Goal of the exercise
Line by line, repeat all the material exactly as it appears.

◆ ◆ ◆

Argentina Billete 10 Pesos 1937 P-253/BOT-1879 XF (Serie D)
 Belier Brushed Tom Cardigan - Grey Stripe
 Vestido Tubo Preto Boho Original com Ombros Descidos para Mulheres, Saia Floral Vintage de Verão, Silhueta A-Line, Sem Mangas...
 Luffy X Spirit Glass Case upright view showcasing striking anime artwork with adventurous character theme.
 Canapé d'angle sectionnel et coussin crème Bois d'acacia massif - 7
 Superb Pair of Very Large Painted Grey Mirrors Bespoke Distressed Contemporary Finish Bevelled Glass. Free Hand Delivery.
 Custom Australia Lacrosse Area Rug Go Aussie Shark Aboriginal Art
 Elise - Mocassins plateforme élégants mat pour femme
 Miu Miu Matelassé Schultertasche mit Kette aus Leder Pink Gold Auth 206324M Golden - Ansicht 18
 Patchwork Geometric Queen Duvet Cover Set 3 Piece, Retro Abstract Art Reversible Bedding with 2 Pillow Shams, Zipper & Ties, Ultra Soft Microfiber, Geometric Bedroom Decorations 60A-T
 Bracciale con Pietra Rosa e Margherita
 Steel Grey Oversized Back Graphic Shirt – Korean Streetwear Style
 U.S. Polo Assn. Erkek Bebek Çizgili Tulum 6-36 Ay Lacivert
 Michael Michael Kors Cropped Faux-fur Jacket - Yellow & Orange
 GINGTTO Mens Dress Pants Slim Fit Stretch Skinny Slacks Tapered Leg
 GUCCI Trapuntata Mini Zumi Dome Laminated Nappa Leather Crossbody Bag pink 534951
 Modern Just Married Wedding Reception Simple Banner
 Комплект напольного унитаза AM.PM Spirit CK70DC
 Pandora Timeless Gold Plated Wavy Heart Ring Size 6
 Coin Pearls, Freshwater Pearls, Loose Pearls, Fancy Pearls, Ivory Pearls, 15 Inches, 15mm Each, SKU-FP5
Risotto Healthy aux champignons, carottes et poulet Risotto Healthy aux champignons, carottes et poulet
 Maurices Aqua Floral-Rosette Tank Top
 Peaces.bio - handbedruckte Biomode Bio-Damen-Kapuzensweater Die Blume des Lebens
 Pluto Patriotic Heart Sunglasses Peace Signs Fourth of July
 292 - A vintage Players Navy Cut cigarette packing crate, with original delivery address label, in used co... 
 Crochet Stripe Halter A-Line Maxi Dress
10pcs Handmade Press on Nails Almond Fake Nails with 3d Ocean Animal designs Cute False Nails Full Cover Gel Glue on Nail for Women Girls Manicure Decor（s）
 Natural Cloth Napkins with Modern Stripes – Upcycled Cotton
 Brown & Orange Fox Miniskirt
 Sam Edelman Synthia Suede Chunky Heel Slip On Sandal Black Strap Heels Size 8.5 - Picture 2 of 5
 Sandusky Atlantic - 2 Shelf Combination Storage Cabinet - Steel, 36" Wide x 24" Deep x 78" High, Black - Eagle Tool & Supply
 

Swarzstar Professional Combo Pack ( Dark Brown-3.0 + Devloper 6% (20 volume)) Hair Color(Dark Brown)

◆ ◆ ◆

Solution for this exercise
Argentina Billete 10 Pesos 1937 P-253/BOT-1879 XF (Serie D)
 Belier Brushed Tom Cardigan - Grey Stripe
 Vestido Tubo Preto Boho Original com Ombros Descidos para Mulheres, Saia Floral Vintage de Verão, Silhueta A-Line, Sem Mangas...
 Luffy X Spirit Glass Case upright view showcasing striking anime artwork with adventurous character theme.
 Canapé d'angle sectionnel et coussin crème Bois d'acacia massif - 7
 Superb Pair of Very Large Painted Grey Mirrors Bespoke Distressed Contemporary Finish Bevelled Glass. Free Hand Delivery.
 Custom Australia Lacrosse Area Rug Go Aussie Shark Aboriginal Art
 Elise - Mocassins plateforme élégants mat pour femme
 Miu Miu Matelassé Schultertasche mit Kette aus Leder Pink Gold Auth 206324M Golden - Ansicht 18
 Patchwork Geometric Queen Duvet Cover Set 3 Piece, Retro Abstract Art Reversible Bedding with 2 Pillow Shams, Zipper & Ties, Ultra Soft Microfiber, Geometric Bedroom Decorations 60A-T
 Bracciale con Pietra Rosa e Margherita
 Steel Grey Oversized Back Graphic Shirt – Korean Streetwear Style
 U.S. Polo Assn. Erkek Bebek Çizgili Tulum 6-36 Ay Lacivert
 Michael Michael Kors Cropped Faux-fur Jacket - Yellow & Orange
 GINGTTO Mens Dress Pants Slim Fit Stretch Skinny Slacks Tapered Leg
 GUCCI Trapuntata Mini Zumi Dome Laminated Nappa Leather Crossbody Bag pink 534951
 Modern Just Married Wedding Reception Simple Banner
 Комплект напольного унитаза AM.PM Spirit CK70DC
 Pandora Timeless Gold Plated Wavy Heart Ring Size 6
 Coin Pearls, Freshwater Pearls, Loose Pearls, Fancy Pearls, Ivory Pearls, 15 Inches, 15mm Each, SKU-FP5
Risotto Healthy aux champignons, carottes et poulet Risotto Healthy aux champignons, carottes et poulet
 Maurices Aqua Floral-Rosette Tank Top
 Peaces.bio - handbedruckte Biomode Bio-Damen-Kapuzensweater Die Blume des Lebens
 Pluto Patriotic Heart Sunglasses Peace Signs Fourth of July
 292 - A vintage Players Navy Cut cigarette packing crate, with original delivery address label, in used co... 
 Crochet Stripe Halter A-Line Maxi Dress
10pcs Handmade Press on Nails Almond Fake Nails with 3d Ocean Animal designs Cute False Nails Full Cover Gel Glue on Nail for Women Girls Manicure Decor（s）
 Natural Cloth Napkins with Modern Stripes – Upcycled Cotton
 Brown & Orange Fox Miniskirt
 Sam Edelman Synthia Suede Chunky Heel Slip On Sandal Black Strap Heels Size 8.5 - Picture 2 of 5
 Sandusky Atlantic - 2 Shelf Combination Storage Cabinet - Steel, 36" Wide x 24" Deep x 78" High, Black - Eagle Tool & Supply
 

Swarzstar Professional Combo Pack ( Dark Brown-3.0 + Devloper 6% (20 volume)) Hair Color(Dark Brown)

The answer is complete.